The club meets the 3rd Monday of each month, 7PM at the Allwood Community Church in Clifton, NJ. (Google maps shows the location) If you're a woodworker up in this part of NJ please stop by and say hello. And certainly pass the word along to your other woodworking friends.
Thanks.
Ed


----------



## David76 (May 3, 2013)

Ed,

I live nearby and would like to participate in your woodworking club. May I please have your email address, phone number, and a confirmation of your next meeting. ddrescher (@) gmail.com


----------



## vikingcape (Jan 3, 2013)

Darn. Used to live in Nutley. I would've definitely come. Now I'm in Cape May. Hope it goes well. There are some great furniture shops up there


----------



## Steamboat_Willie (Jan 20, 2013)

Interest in the club is growing nicely. We are looking for guest speakers who would be willing and gracious to attend one of our club meetings and present a woodworking related topic that would be of interest to members. It's quite fascinating to see the various facets and areas of interest in woodworking (both professional & amateur) that people have who are now showing up at the meetings. Slowly but surely, we'll get there.
Ed


----------



## JAH (Sep 2, 2013)

I was looking around for clubs in the area and ran across your posting.

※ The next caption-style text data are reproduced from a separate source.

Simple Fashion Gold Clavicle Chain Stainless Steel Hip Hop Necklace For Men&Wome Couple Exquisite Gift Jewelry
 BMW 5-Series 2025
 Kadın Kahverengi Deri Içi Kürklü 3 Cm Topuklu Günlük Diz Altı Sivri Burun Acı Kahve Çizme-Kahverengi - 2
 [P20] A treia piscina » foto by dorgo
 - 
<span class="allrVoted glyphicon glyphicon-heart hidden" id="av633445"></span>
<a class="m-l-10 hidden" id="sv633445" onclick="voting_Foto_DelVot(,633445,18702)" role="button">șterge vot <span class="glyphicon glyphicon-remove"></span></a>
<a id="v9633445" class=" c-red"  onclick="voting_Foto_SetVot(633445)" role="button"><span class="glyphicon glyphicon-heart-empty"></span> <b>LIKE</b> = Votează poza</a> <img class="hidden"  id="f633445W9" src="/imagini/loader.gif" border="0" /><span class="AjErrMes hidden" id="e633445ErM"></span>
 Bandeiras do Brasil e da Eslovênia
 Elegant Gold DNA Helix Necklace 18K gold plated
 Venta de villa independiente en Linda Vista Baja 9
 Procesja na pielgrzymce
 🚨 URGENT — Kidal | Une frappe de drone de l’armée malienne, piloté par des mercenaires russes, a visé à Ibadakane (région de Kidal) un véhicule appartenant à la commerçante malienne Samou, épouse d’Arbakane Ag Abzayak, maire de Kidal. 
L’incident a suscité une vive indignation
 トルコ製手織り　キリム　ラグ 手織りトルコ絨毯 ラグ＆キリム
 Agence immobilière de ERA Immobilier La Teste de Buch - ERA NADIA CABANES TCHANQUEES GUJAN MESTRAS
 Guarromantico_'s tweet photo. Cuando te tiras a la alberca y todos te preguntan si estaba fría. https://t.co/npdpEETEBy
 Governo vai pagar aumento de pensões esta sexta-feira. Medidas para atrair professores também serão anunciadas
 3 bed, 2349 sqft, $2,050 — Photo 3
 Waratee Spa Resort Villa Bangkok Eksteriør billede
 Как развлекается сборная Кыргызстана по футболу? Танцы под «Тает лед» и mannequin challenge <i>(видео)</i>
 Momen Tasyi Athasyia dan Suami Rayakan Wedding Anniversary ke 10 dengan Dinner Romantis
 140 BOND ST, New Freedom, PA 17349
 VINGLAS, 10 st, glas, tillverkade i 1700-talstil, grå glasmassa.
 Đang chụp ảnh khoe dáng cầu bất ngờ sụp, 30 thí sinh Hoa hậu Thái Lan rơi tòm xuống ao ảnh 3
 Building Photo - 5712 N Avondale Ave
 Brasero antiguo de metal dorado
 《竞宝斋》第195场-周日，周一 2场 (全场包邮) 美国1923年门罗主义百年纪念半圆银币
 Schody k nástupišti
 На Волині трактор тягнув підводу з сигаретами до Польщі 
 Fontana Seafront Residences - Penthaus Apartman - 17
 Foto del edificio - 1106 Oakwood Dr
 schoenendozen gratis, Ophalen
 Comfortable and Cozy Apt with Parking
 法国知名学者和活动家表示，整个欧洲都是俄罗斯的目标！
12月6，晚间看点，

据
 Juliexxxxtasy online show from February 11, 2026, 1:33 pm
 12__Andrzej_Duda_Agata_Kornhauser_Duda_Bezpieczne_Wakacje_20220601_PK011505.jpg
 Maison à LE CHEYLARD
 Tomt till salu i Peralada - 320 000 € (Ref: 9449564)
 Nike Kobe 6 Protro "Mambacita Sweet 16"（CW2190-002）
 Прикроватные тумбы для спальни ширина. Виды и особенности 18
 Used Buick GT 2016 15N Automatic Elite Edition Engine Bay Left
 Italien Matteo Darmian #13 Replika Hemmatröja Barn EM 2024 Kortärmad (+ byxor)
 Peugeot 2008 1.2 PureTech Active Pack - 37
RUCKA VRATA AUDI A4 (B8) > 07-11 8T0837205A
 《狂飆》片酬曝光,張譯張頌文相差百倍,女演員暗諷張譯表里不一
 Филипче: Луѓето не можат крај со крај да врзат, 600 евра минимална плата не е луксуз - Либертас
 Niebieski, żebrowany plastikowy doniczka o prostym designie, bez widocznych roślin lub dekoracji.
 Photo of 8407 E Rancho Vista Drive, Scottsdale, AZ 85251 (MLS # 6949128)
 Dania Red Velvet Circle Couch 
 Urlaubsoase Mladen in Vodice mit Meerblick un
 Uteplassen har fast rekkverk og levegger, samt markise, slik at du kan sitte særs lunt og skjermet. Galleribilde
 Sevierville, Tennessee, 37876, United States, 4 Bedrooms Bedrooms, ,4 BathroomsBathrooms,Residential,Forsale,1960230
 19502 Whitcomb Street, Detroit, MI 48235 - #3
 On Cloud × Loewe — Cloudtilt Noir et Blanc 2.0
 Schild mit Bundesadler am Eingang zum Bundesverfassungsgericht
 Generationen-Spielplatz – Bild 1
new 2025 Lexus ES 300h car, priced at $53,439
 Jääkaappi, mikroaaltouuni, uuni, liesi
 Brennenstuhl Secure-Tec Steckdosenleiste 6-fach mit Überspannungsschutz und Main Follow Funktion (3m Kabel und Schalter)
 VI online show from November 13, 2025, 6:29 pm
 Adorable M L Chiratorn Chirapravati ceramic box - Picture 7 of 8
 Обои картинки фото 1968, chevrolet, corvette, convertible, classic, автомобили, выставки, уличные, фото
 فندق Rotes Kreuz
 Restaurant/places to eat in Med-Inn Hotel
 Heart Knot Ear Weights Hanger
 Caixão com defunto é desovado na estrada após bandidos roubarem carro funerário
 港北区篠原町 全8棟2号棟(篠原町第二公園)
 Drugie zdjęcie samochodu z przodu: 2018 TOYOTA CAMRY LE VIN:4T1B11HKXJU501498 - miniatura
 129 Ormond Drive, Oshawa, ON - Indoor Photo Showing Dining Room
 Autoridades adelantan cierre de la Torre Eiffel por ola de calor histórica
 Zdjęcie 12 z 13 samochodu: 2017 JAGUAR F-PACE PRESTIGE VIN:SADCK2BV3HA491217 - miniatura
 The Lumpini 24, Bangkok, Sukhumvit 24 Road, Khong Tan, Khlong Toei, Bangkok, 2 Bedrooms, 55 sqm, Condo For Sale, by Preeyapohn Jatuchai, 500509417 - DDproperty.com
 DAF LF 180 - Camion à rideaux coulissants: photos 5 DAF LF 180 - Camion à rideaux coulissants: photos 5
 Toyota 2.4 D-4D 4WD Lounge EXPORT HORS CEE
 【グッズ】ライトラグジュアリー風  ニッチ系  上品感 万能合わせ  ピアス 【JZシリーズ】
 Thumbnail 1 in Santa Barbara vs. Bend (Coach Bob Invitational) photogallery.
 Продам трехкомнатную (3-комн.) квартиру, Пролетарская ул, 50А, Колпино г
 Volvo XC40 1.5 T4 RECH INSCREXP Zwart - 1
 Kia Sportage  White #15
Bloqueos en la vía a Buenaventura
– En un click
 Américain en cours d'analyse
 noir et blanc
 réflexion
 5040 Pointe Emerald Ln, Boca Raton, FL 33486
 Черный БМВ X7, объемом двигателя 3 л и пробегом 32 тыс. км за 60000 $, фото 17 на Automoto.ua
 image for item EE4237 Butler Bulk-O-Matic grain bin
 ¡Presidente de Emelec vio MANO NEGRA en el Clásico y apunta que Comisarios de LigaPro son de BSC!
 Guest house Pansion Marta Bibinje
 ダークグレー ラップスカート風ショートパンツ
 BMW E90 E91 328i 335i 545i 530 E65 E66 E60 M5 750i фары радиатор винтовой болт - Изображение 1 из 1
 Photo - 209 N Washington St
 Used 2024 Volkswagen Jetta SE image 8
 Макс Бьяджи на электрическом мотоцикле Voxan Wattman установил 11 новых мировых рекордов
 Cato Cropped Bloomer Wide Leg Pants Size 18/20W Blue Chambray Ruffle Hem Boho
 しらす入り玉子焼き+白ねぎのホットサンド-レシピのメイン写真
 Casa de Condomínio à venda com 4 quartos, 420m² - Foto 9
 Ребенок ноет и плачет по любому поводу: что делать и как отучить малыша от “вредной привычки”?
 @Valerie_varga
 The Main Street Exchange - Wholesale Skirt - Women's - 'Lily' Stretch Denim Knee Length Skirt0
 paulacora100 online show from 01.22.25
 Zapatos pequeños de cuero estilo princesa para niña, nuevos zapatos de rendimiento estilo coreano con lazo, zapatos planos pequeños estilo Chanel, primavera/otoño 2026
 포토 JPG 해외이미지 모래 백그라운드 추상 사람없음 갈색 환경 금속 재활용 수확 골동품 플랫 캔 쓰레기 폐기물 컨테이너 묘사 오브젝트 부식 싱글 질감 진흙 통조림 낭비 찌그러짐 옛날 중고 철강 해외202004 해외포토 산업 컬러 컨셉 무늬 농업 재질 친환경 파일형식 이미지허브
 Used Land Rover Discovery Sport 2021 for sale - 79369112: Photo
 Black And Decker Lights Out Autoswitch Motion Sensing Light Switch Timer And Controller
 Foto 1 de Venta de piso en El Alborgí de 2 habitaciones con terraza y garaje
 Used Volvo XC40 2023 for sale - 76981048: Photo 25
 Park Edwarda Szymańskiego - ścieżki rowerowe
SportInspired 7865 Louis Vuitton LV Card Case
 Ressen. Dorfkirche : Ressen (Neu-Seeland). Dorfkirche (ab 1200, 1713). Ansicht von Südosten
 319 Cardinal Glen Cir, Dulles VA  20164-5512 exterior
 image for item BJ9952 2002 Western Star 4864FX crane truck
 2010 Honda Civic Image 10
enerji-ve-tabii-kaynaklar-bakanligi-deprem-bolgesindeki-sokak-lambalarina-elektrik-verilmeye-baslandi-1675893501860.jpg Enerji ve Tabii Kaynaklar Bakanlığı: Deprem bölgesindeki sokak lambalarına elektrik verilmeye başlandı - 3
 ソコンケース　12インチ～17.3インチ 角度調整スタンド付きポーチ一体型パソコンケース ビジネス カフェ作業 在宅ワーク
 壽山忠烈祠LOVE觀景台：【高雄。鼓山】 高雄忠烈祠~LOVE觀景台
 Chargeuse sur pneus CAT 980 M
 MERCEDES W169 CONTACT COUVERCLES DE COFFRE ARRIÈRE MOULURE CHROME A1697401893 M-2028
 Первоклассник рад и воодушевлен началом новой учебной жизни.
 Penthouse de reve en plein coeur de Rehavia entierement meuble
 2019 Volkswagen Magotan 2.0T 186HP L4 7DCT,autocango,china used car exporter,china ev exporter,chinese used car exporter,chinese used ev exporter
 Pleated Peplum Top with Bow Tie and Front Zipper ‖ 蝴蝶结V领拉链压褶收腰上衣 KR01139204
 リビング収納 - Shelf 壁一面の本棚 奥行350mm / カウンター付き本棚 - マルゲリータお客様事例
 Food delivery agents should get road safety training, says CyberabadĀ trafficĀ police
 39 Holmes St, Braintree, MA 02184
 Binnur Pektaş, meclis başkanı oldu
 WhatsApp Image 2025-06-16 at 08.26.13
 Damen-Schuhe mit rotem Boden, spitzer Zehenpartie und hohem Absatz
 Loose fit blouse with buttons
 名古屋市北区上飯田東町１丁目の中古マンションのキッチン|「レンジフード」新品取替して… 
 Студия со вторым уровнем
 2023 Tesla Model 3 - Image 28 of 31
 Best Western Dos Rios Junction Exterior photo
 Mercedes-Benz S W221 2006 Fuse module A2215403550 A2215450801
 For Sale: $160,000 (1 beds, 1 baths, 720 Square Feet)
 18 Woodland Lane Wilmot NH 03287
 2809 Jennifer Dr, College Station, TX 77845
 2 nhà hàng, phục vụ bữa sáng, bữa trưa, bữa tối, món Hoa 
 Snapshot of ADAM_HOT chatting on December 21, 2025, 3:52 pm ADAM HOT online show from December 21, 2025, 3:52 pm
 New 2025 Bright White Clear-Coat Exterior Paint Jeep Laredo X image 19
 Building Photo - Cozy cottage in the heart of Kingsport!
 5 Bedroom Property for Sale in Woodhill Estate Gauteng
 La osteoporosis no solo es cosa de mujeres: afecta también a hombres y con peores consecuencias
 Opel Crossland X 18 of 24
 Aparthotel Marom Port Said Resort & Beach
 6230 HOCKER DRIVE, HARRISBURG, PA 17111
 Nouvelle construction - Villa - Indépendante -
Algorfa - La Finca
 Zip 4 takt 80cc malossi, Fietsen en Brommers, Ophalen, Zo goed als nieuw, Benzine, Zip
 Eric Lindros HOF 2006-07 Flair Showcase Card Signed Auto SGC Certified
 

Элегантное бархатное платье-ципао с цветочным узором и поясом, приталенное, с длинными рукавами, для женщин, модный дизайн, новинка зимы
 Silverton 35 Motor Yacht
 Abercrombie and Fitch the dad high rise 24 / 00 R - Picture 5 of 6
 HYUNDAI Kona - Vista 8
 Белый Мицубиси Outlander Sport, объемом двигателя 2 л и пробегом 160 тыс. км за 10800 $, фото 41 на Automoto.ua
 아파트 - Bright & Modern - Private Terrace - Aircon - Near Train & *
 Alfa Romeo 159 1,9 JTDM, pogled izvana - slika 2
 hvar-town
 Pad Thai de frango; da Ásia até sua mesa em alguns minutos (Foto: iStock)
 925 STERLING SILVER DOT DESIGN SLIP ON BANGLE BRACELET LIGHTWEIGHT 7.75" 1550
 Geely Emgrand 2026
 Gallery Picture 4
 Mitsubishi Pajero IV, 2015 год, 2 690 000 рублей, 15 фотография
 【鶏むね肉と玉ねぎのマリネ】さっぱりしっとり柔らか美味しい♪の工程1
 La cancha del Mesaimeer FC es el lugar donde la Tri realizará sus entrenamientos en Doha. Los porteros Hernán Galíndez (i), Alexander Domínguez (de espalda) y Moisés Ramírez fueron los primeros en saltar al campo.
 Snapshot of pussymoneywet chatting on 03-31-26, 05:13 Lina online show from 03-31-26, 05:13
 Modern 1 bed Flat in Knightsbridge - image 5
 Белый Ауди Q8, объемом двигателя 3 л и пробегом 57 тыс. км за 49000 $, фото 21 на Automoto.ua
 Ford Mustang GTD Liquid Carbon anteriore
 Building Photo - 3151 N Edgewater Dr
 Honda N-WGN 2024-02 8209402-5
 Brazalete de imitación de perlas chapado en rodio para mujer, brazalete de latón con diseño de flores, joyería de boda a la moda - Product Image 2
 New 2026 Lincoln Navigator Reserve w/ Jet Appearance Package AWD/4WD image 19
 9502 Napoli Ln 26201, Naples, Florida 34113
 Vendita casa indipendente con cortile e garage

Is the club up and running? I guess the next meeting would be Sept 16th and 7PM?

I'd like to come and help build the club. Let me know?

thanks,

John


----------



## Steamboat_Willie (Jan 20, 2013)

Hi John,
Yes, the next NJWA meeting is 9/16 @7PM. The club is growing nicely. I think we're up to about 20 (+/-) members now. The enthusiasm at the meetings has been wonderful. We've had some excellent woodworking discussions. At our last club meeting we enjoyed a presentation about the repair and restoration of wooden stringed instruments (i.e. violins, cellos, etc) by one of our club members who's one of the few experts in that field. It was an excellent presentation and the members thoroughly enjoyed it. At the next meeting another one of our club members is scheduled to speak about the craftsmanship and techniques behind making one's own raised panel cabinet doors.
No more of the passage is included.